Why could your dad not have had her too considering she is grandchild? Or is she not seen that way?
Where is your feckless partner in all this?
Why not just leave him with your children? All of them?.
Or ltb..... Your posts are becoming boring now....
wannabe As I said, why should my dad have to pick up DSD though? Her teachers don't know who he is for one. Is it seriously ok to expect a child's stepparent's parent to pick them up? I went and picked her up today. My dad shouldn't have had to.
Bigfeet I'm lucky in that a have great support from my family who help out when they can. I'm not going to feel guilty for having me time in less time than 6-8 weeks. I hope you don't think I am crap mum for accepting help when it's offered?
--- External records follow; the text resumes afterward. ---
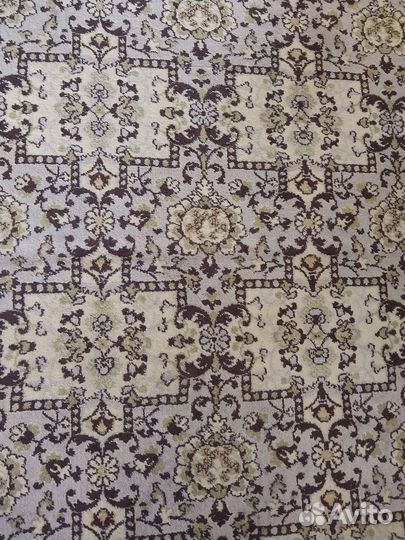 Ковер шерстяной 3 на 4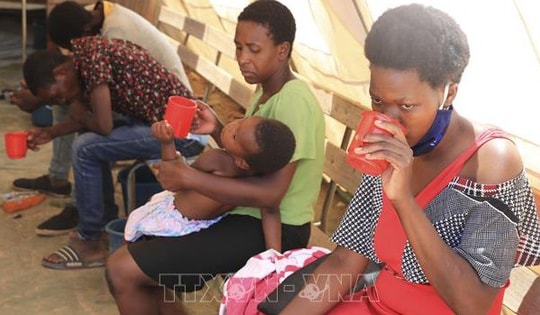 WHO cảnh báo về nguy cơ bùng phát dịch tả ở miền Nam châu Phi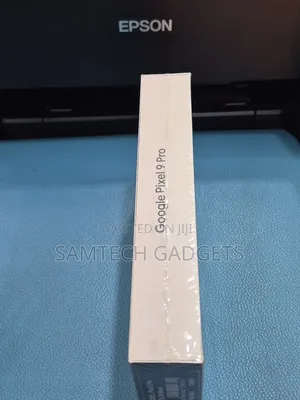 New Google Pixel 9 Pro 128 GB Gray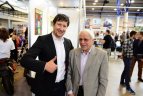 Vilniaus miesto sporto festivalis. Antroji diena.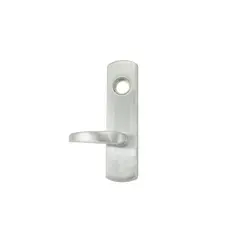 Von Duprin 996LM26DLHR17 Left Hand Reverse 17 Lever Trim for 98 / 99 Mortise; 626 Satin Chrome Finish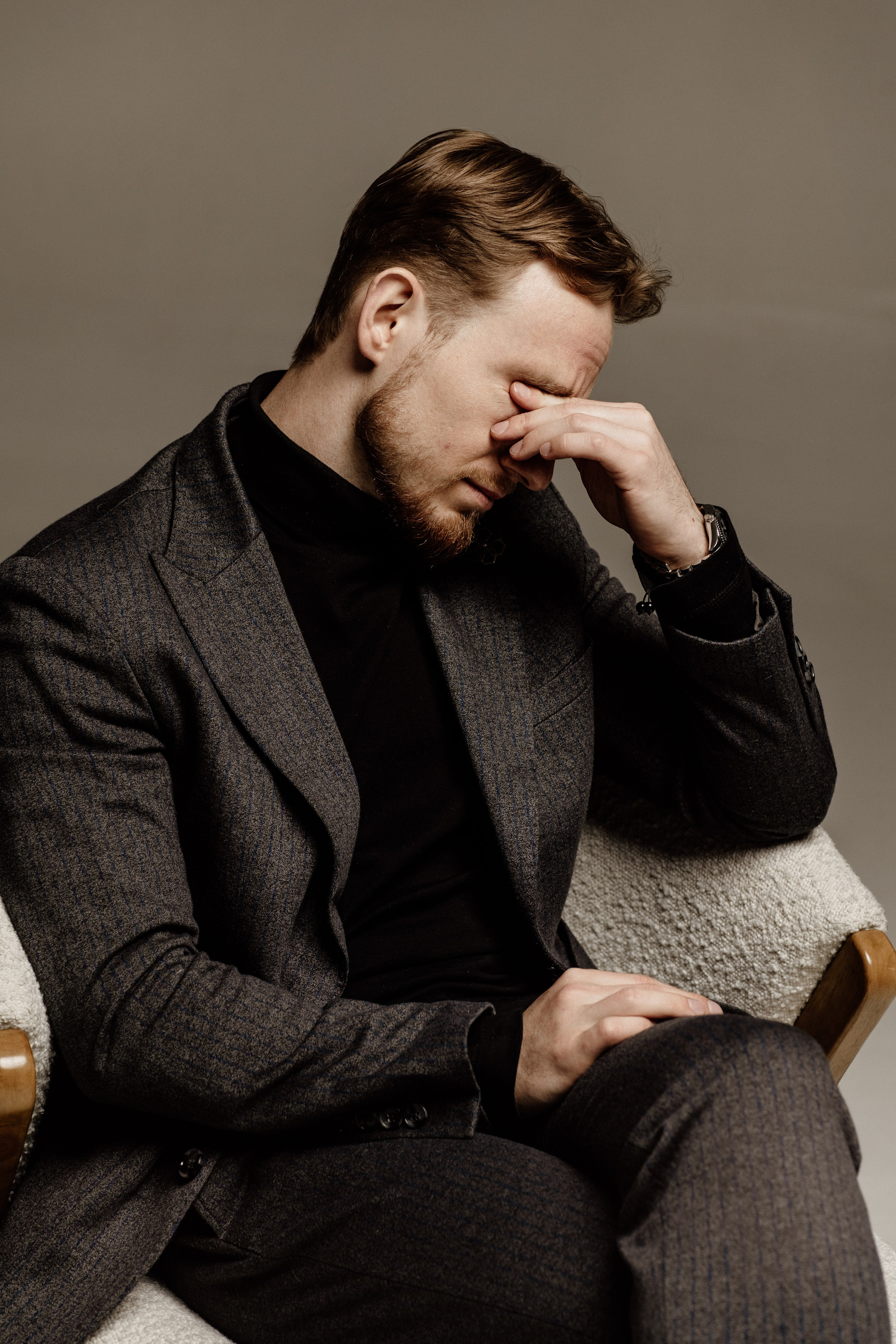 Мужские портреты от лучшего фотографа в Краснодаре. Фотограф в Краснодаре Анна Худокормова. Свадебные, семейные, детские фотосессии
your dad doesn't have to. is there a reason why he wouldn't want to? its fair enough if he doesn't, 3 kids can be a handful where 2 are easier.
what should have happened is that you either said "dad DSD is here this week so could we re-arrange for next week. meaning you wont have all 3 of them" or you tell DP that he would have to arrange someone to collect her when he agreed with EXW to have her as you were having some time to yourself.
Surly I have tried really really hard recently, and during the holidays I felt like I made huge progress. Then last week just threw me again when dp and his ex arranged that I would pick DSD up on DS's first day at school.
He doesn't want to because he doesn't think it's right. He doesn't know her teachers and he feels a bit uncomfortable about it tbh. That's just the way he feels about it.